Selokan Mataram, Kisah Siasat Cerdik Sultan HB IX Bebaskan Rakyat dari Romusha

Jika tak ada Selokan Mataram, rakyat Ygyakarta dipaksa romusha di tempat lain.

Republika/ Wihdan
Selokan Mataram Kering. Kondisi Selokan Mataram yang kering di Yogyakarta, Jumat (11/10/2019).
Rep: Idealisa Masyrafina Red: Agus raharjo

REPUBLIKA.CO.ID, YOGYAKARTA - Selokan Mataram, kanal irigasi sepanjang 30,8 km di Yogyakarta ini bukanlah sekadar saluran irigasi biasa. Keistimewaan kanal legendaris yang mengaliri areal pertanian seluas 15.734 hektare tersebut telah merekam cerita bersejarah tentang seorang raja yang sangat mencintai rakyatnya.

Hal tersebut diwujudkan sang raja dengan siasat cerdik berupa diplomasi untuk menyelamatkan rakyatnya dari kerja paksa romusha yang digulirkan Pemerintah Jepang waktu itu. Adalah Sultan Hamengku Buwono IX, Raja Keraton Yogyakarta yang mempunyai siasat cerdik mengusulkan pada Jepang agar rakyatnya dikerahkan untuk membangun saluran irigasi. Saluran irigasi ini untuk menghubungkan Sungai Progo dan Sungai Opak.

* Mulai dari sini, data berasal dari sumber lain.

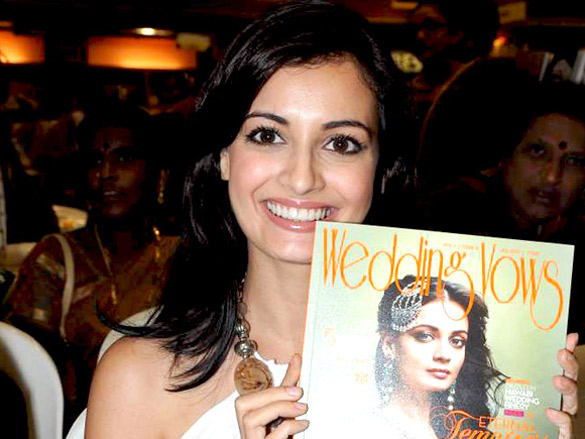 dia mirza launches wedding vows magazine 6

Dengan dalih mampu menyetor lebih banyak hasil bumi sebagai logistik, usulan itu diterima bahkan didanai Jepang lalu dibangun pada 1944. Meskipun rakyat harus mengerjakan proyek saluran air buatan tersebut, setidaknya mereka tidak meninggal akibat kelaparan dan romusha. Akhirnya, ribuan rakyat dikerahkan untuk membuat saluran irigasi yang membelah Yogyakarta ini dengan sukarela.

Seperti diceritakan langsung oleh pelaku sejarah dan saksi hidup pembangunan Selokan Mataram bernama Tuban Cokro Sudarmo yang disapa Mbah Cokro. Kakek berusia hampir seabad ini, kini hidup sebatang kara di sebuah rumah sederhana berdinding anyaman bambu dan beralaskan tanah di Dusun Pedak Sinduharjo Ngaglik Sleman.

Ingatan Mbah Cokro masih sangat jelas, usianya 25 tahun kala itu. Ia bersama setidaknya 10 orang sepantaran dirinya diminta Lurah setempat kerja bakti membantu saluran irigasi atas perintah Sultan HB IX. Ia pun tahu jika tidak ikut kerja bakti membuat selokan, dirinya akan hilang di bawa Jepang untuk kerja romusha di tempat lain. Hampir seluruh teman-temannya yang dipekerjakan romusha tidak pernah kembali dalam keadaan hidup.

Baca Juga


 

Mbah Cokro ingat betul lokasi dan kontur tanah di selokan yang digalinya saat itu bisa mencapai kedalaman dua kali tinggi manusia dewasa. Dengan berjalan kaki dari tempat tinggalnya, ia dengan semangat mencangkul membuat selokan di area perkebunan yang kini masuk area Desa Trini Trihanggo Gamping, Sleman.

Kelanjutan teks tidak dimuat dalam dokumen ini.